Goal of the exercise: Your job with the data below is to output exactly the lines from the one holding "14309 Heartland Dr" down to the one holding "don't-know-their-arse-from-their-elbow-70738452", both included, and no others.

Input:
· · · · ·

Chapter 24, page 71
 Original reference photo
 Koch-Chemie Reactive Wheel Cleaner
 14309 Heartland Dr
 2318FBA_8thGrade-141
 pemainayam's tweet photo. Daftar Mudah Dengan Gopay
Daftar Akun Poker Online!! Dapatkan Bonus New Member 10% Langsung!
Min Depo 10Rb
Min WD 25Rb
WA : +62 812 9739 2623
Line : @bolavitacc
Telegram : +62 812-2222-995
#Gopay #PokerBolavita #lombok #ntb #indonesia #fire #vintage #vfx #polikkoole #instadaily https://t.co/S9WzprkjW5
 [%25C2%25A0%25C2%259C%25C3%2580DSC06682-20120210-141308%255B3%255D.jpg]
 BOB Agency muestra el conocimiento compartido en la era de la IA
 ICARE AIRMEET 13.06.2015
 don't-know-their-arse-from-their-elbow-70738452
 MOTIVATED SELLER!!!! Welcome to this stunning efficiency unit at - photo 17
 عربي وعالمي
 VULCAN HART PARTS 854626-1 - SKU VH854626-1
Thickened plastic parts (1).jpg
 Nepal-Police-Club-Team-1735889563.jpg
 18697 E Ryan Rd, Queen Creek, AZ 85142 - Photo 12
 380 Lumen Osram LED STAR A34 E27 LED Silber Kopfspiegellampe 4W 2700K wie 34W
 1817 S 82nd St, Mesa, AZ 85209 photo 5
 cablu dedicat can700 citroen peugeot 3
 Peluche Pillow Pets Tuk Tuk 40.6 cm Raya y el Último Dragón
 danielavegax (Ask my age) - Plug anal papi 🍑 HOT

· · · · ·

Written solution:
 14309 Heartland Dr
 2318FBA_8thGrade-141
 pemainayam's tweet photo. Daftar Mudah Dengan Gopay
Daftar Akun Poker Online!! Dapatkan Bonus New Member 10% Langsung!
Min Depo 10Rb
Min WD 25Rb
WA : +62 812 9739 2623
Line : @bolavitacc
Telegram : +62 812-2222-995
#Gopay #PokerBolavita #lombok #ntb #indonesia #fire #vintage #vfx #polikkoole #instadaily https://t.co/S9WzprkjW5
 [%25C2%25A0%25C2%259C%25C3%2580DSC06682-20120210-141308%255B3%255D.jpg]
 BOB Agency muestra el conocimiento compartido en la era de la IA
 ICARE AIRMEET 13.06.2015
 don't-know-their-arse-from-their-elbow-70738452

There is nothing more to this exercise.